It was in reaction to the mentality that McNamara represented that the Public Interest quarterly was born. Its founders were intellectuals, many of whom were called "neoconservatives" when that designation was more relevant to domestic than foreign policy. The journal's mission was to insist that (as Daniel Patrick Moynihan, then a Harvard social scientist, said) the function of social science is not to tell us what to do but to tell us what does not work. What did not work in the 1960s, at home and abroad, was quite a lot.


McNamara died on a day when there was interesting news from Asia, the region of his torments: There was lethal ethnic rioting in China. That development refutes, redundantly, the prophecy of a 19th-century social scientist, Karl Marx. Believing that he had discerned the laws of social physics, he said that the coming of modernity — the rise of science and the retreat of religion under the rationality of market societies — would mean that pre-industrial factors such as religion and ethnicity would lose their history-shaping saliency.


So far, the 21st century is vexed by nothing so much as those supposed residues of humanity's infancy. Nevertheless, Marx's anticipation morphed into what Moynihan called "the liberal expectancy." It is the hope — liberals tend to treat hopes as probabilities — that the fading of those atavisms and superstitions has put the world on a path to perpetual tranquility.
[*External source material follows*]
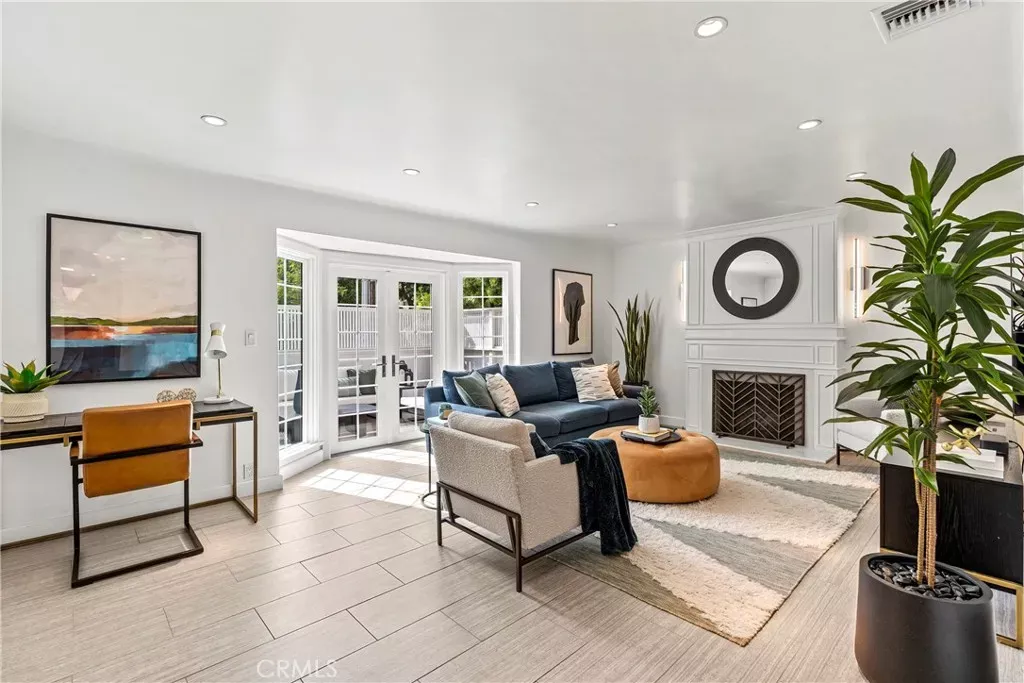 Property Photo: 8963 Cynthia CA 90069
The world McNamara has departed could soon be convulsed by attempts to modify Iran's behavior. Since a variety of incentives have been unavailing, more muscular measures — perhaps "surgical strikes," a phrase redolent of the McNamara mentality — are contemplated.


Some persons fault the president for not having more ambitious plans to prompt and guide Iranians toward regime change. That outcome is sometimes advocated, and its consequences confidently anticipated, by neoconservatives whose certitude about feasibility resembles that which, decades ago, neoconservatism was born to counter.


Well. Every four years we saturate New Hampshire — that small, English-speaking, culturally homogenous, ethnically temperate sliver of tranquil New England — with politicians, consultants, journalists and political scientists. And often we are surprised — even dumbfounded — by how unpredictably that state's people, with their native perversity, choose to behave in their presidential primary.


McNamara, like many who leave high office, never left the capital of this nation that believes people learn from history, and that therefore history is linear and progressive. But the capital, gripped once again by the audacious hope of mastering everything, would be wise to entertain a shadow of a doubt about that.